» **Work to complete**
Every record below must be written out exactly. Leave out the pictures.
-------
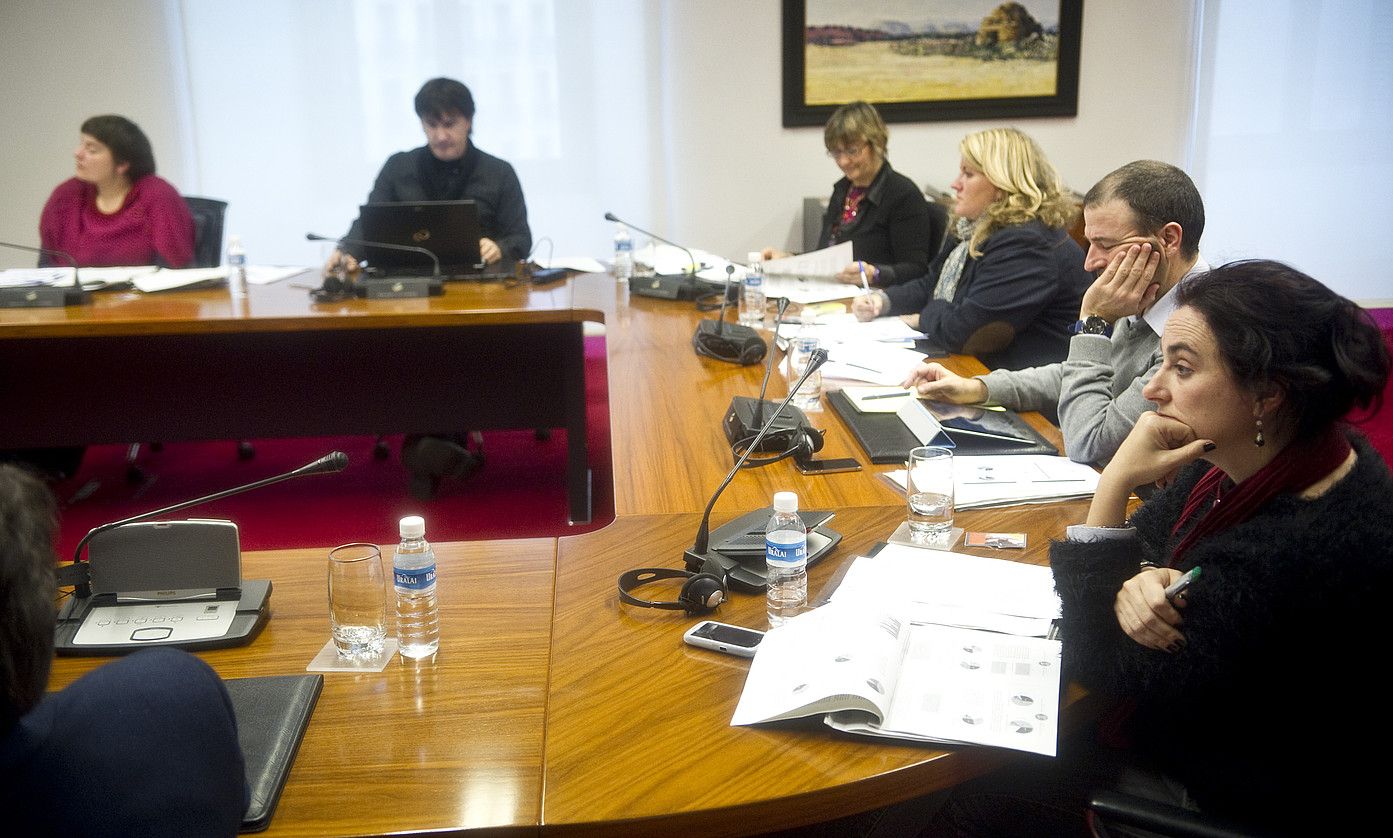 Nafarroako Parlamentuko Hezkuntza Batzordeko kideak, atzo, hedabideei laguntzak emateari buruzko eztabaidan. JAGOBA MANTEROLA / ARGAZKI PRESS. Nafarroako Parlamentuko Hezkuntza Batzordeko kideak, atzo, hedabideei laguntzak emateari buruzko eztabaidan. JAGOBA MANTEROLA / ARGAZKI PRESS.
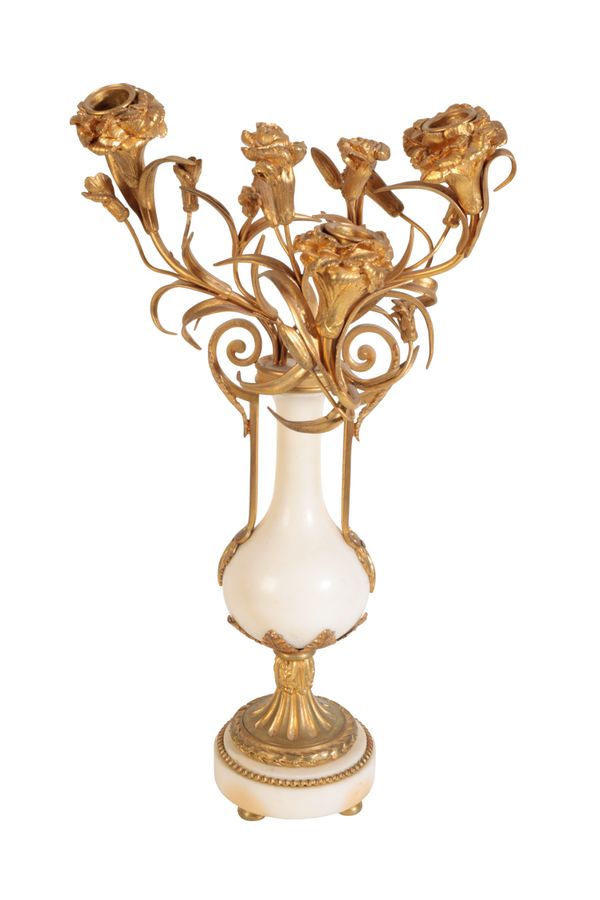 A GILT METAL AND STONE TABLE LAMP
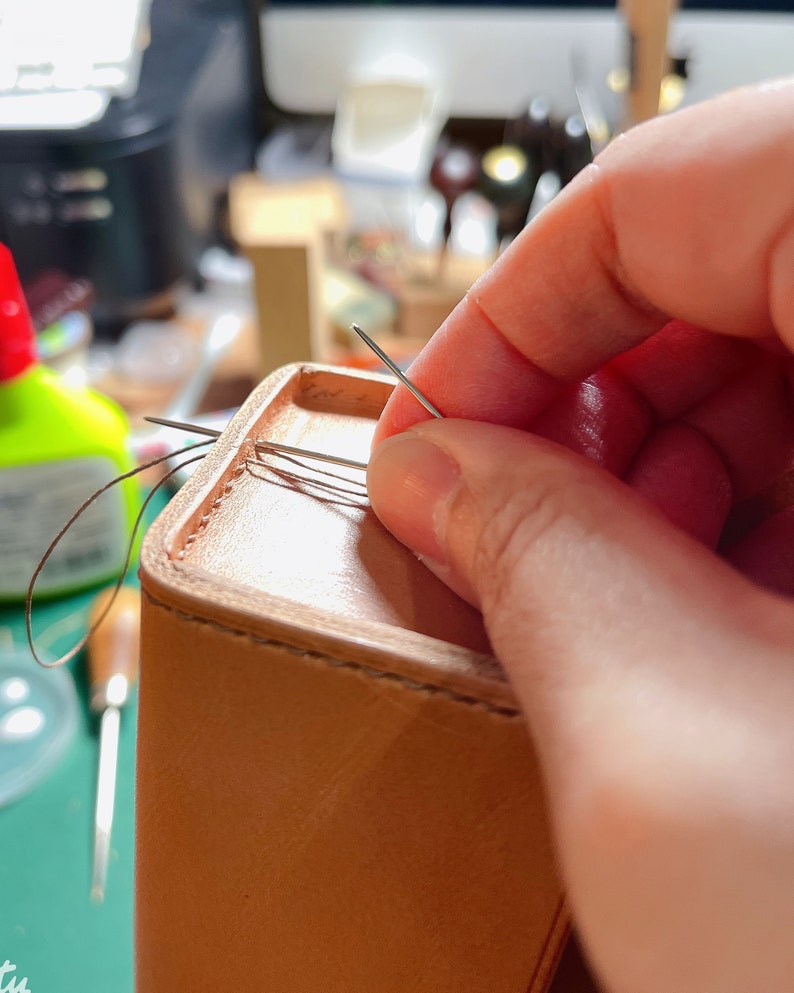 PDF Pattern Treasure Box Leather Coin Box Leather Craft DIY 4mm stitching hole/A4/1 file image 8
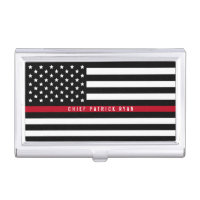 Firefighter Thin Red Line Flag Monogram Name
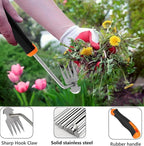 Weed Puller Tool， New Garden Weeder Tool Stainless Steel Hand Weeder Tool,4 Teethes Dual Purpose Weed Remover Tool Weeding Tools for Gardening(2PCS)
-------
» **Answer below**
 Nafarroako Parlamentuko Hezkuntza Batzordeko kideak, atzo, hedabideei laguntzak emateari buruzko eztabaidan. JAGOBA MANTEROLA / ARGAZKI PRESS. Nafarroako Parlamentuko Hezkuntza Batzordeko kideak, atzo, hedabideei laguntzak emateari buruzko eztabaidan. JAGOBA MANTEROLA / ARGAZKI PRESS.
 A GILT METAL AND STONE TABLE LAMP
 PDF Pattern Treasure Box Leather Coin Box Leather Craft DIY 4mm stitching hole/A4/1 file image 8
 Firefighter Thin Red Line Flag Monogram Name
 Weed Puller Tool， New Garden Weeder Tool Stainless Steel Hand Weeder Tool,4 Teethes Dual Purpose Weed Remover Tool Weeding Tools for Gardening(2PCS)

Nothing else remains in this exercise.